PROVIDED INFORMATION >>
▼
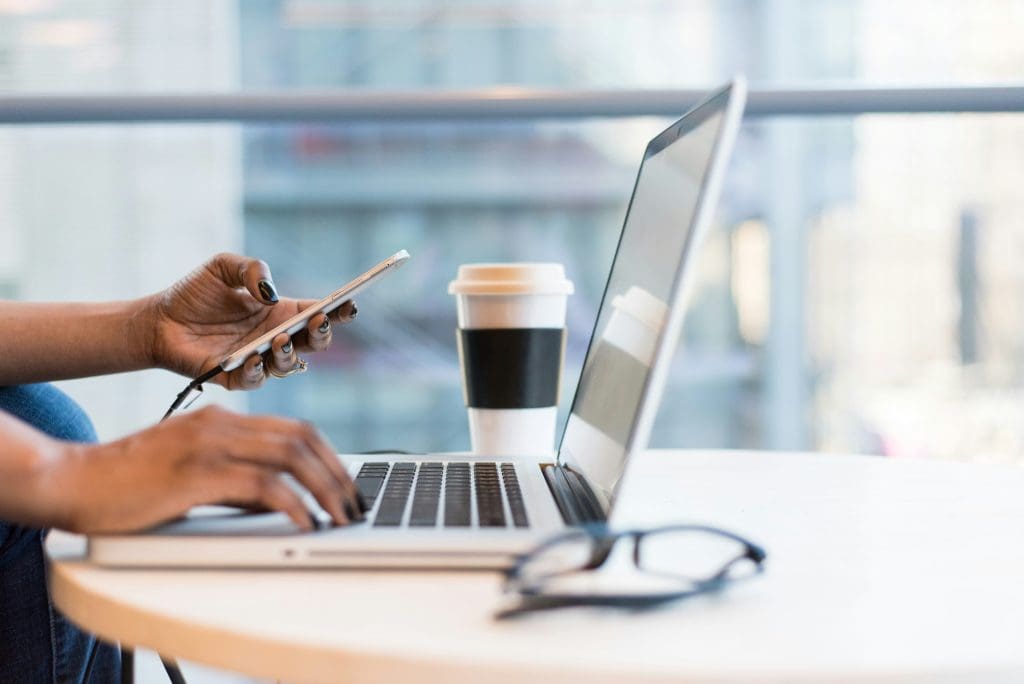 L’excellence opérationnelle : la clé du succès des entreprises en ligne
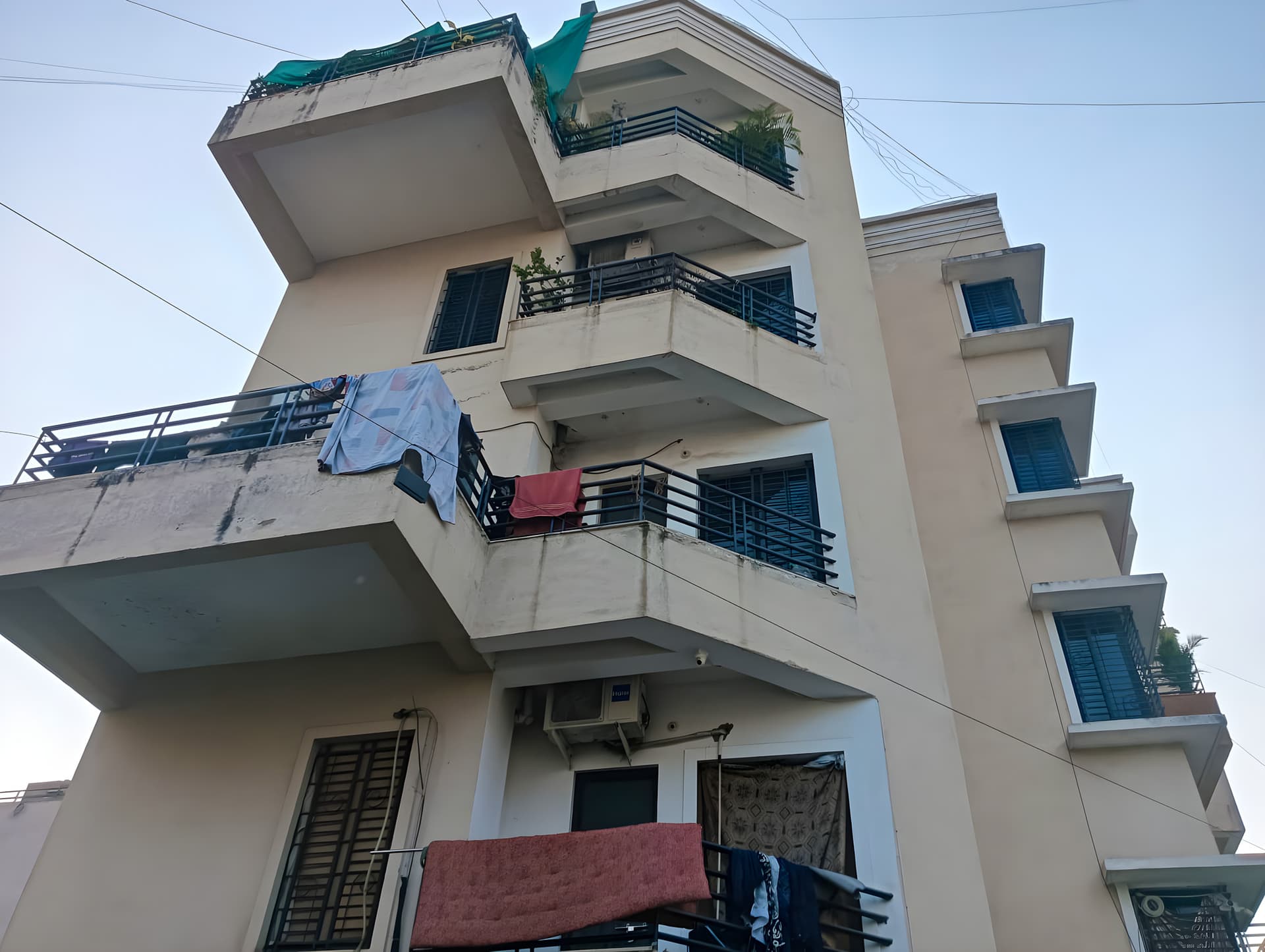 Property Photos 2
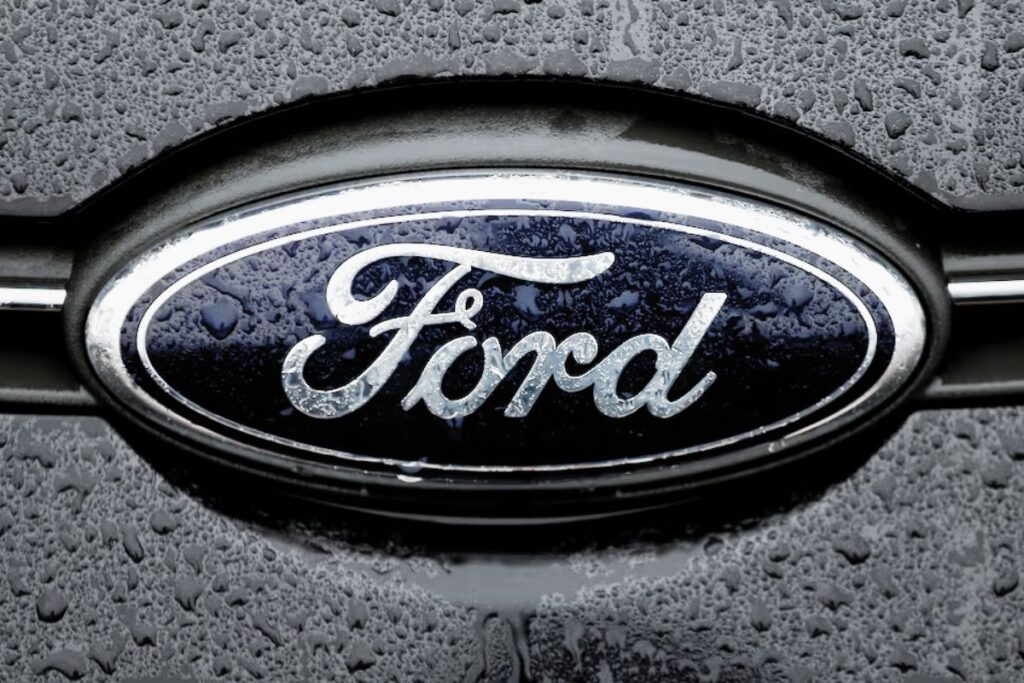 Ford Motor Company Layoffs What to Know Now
▲
▼
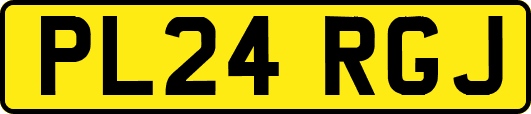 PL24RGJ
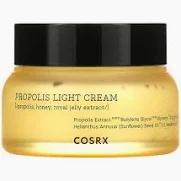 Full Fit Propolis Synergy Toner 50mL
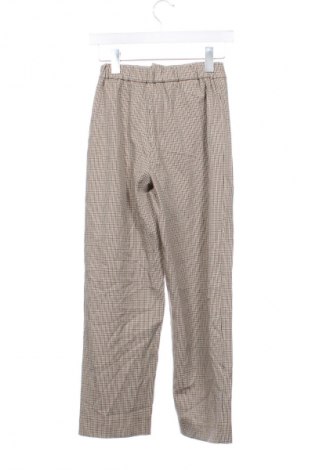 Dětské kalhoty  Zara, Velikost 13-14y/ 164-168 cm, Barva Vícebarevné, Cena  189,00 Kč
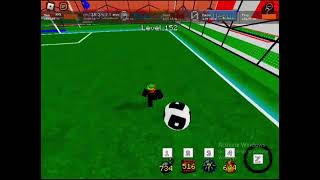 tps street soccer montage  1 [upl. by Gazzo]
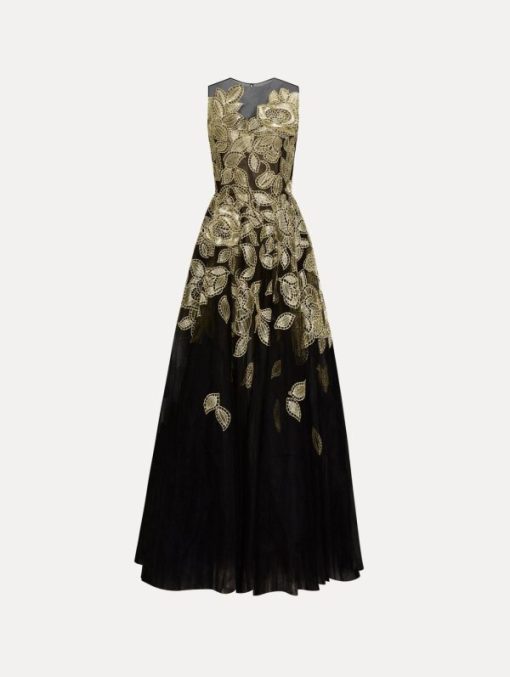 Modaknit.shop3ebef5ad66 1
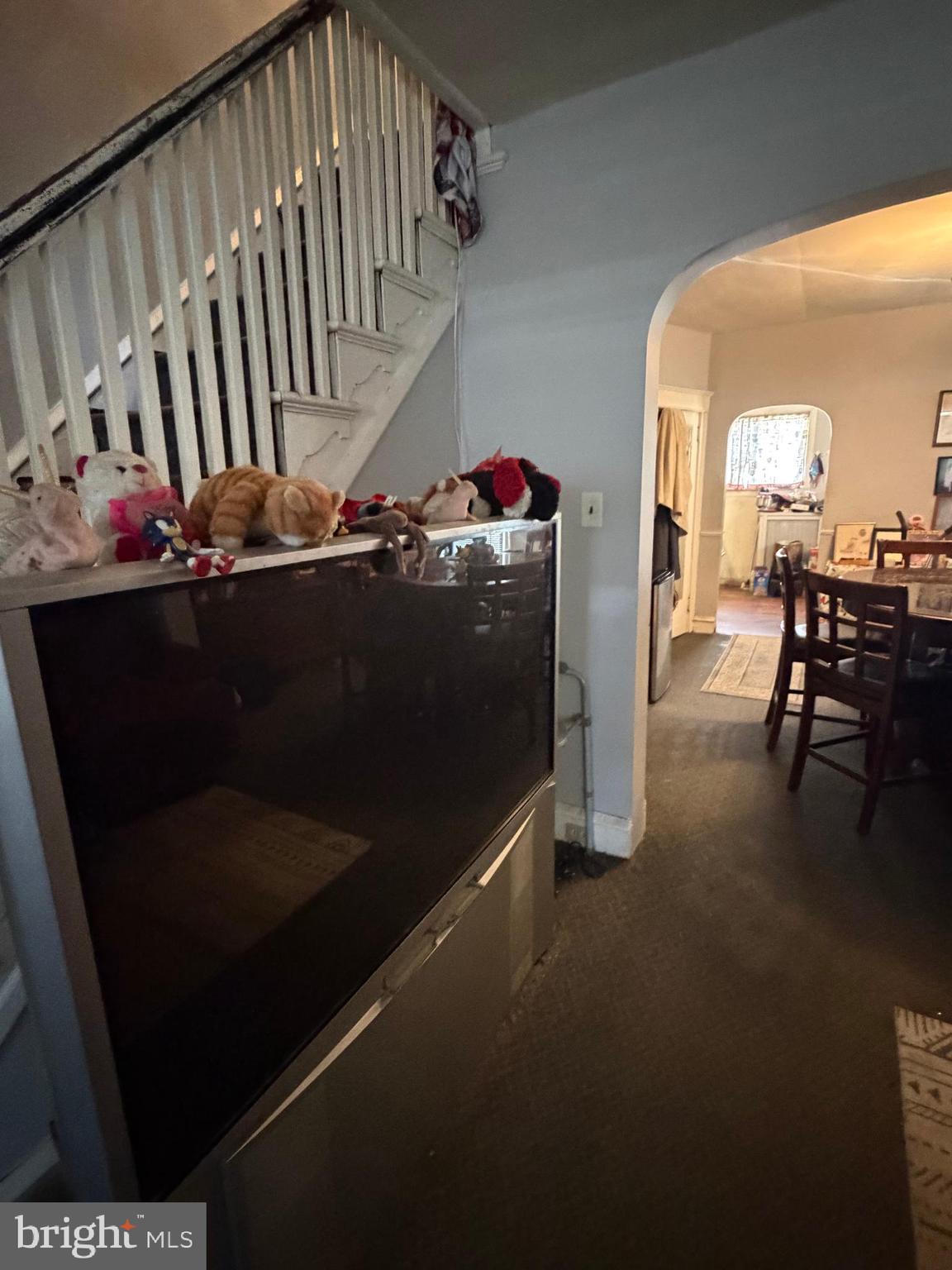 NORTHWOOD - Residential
▲
WHAT YOU HAVE TO DO >>
From the data above, return exactly the lines from the one with "L’excellence opérationnelle : la" up to and including the one with "Ford Motor Company Layoffs What to Know Now". Pictures do not go in the copy.

ANSWER FOR THIS EXERCISE >>
 L’excellence opérationnelle : la clé du succès des entreprises en ligne
 Property Photos 2
 Ford Motor Company Layoffs What to Know Now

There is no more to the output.